● TASK DIRECTIONS: Could you print the listing again exactly, omitting the pictures?

● DATA SEGMENT:

++++

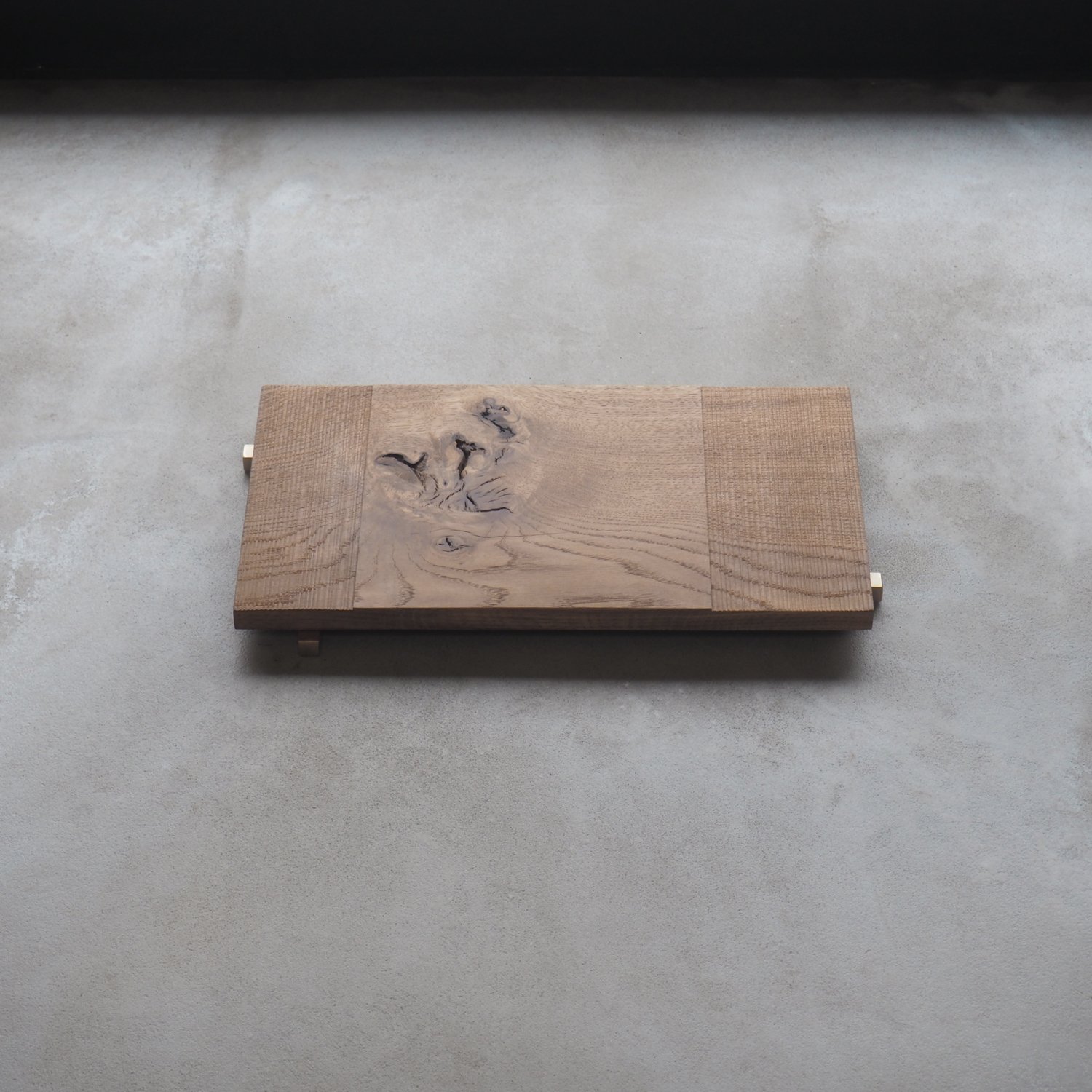 oak-brass-altar-2d-pachadesign.jpg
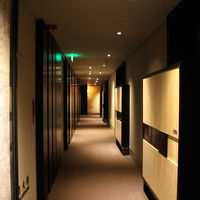 エキゾチックな館内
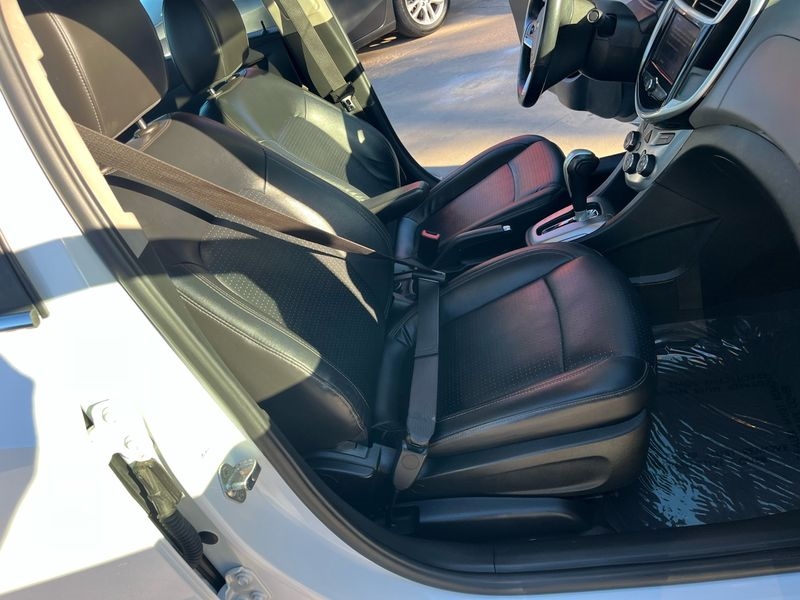 Chevrolet Sonic 4dr Sdn Auto Premier 2019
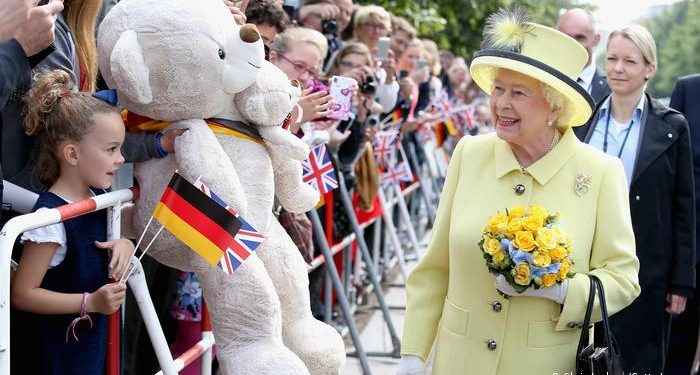 La reina Isabel II cancela sus actos oficiales por las próximas dos semanas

++++

● OUTPUT FOR THIS TASK:
 oak-brass-altar-2d-pachadesign.jpg
 エキゾチックな館内
 Chevrolet Sonic 4dr Sdn Auto Premier 2019
 La reina Isabel II cancela sus actos oficiales por las próximas dos semanas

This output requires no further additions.